──────── INFORMATION SUPPLIED ────────

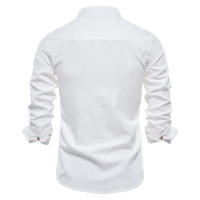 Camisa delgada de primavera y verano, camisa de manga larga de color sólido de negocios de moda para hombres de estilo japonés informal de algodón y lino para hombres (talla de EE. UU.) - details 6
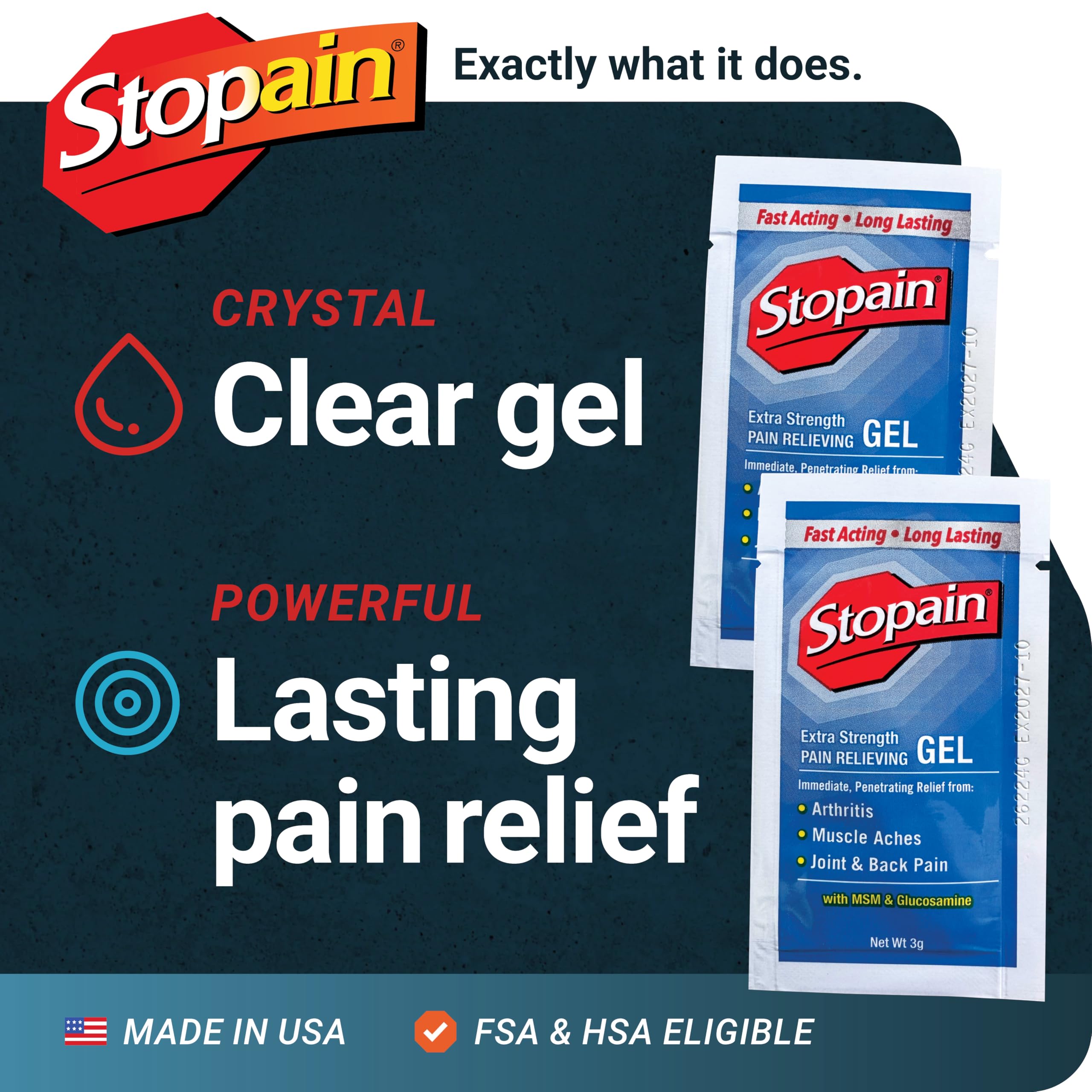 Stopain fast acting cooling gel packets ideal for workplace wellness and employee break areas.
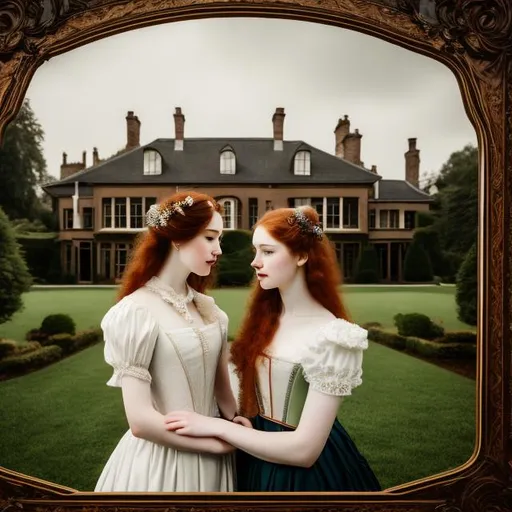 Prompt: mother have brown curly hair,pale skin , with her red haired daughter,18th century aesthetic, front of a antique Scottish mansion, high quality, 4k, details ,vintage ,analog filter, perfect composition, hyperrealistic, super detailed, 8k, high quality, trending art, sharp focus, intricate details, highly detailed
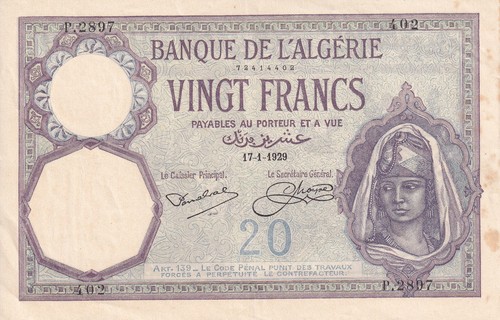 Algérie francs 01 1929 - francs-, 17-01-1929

────────

Transcribe the listing above verbatim. No picture belongs in the result.

 Camisa delgada de primavera y verano, camisa de manga larga de color sólido de negocios de moda para hombres de estilo japonés informal de algodón y lino para hombres (talla de EE. UU.) - details 6
 Stopain fast acting cooling gel packets ideal for workplace wellness and employee break areas.
 Prompt: mother have brown curly hair,pale skin , with her red haired daughter,18th century aesthetic, front of a antique Scottish mansion, high quality, 4k, details ,vintage ,analog filter, perfect composition, hyperrealistic, super detailed, 8k, high quality, trending art, sharp focus, intricate details, highly detailed
 Algérie francs 01 1929 - francs-, 17-01-1929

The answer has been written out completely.